## Data to process
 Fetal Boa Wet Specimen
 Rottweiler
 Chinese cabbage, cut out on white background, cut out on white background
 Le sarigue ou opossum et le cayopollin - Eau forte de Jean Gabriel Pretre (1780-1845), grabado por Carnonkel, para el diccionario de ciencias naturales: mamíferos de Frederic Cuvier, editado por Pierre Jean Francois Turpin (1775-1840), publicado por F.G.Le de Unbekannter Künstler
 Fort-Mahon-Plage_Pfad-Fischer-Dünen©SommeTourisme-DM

* * *

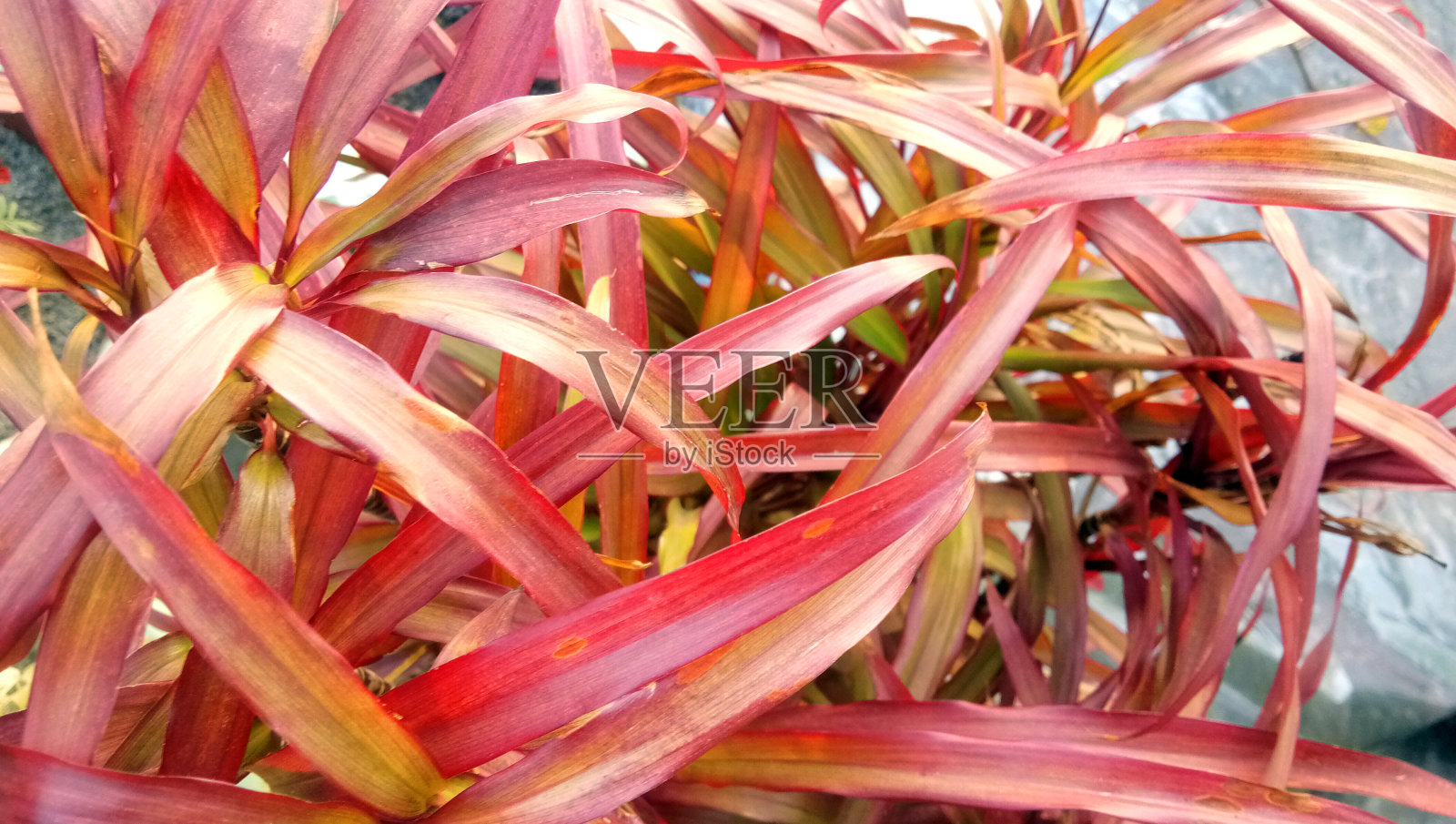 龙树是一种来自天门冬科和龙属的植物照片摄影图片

## Task requirements
Retype exactly, and only, the lines above from the one where "Fetal Boa Wet Specimen" occurs up to and including the one where "Fort-Mahon-Pla" occurs.

## Problem solution
 Fetal Boa Wet Specimen
 Rottweiler
 Chinese cabbage, cut out on white background, cut out on white background
 Le sarigue ou opossum et le cayopollin - Eau forte de Jean Gabriel Pretre (1780-1845), grabado por Carnonkel, para el diccionario de ciencias naturales: mamíferos de Frederic Cuvier, editado por Pierre Jean Francois Turpin (1775-1840), publicado por F.G.Le de Unbekannter Künstler
 Fort-Mahon-Plage_Pfad-Fischer-Dünen©SommeTourisme-DM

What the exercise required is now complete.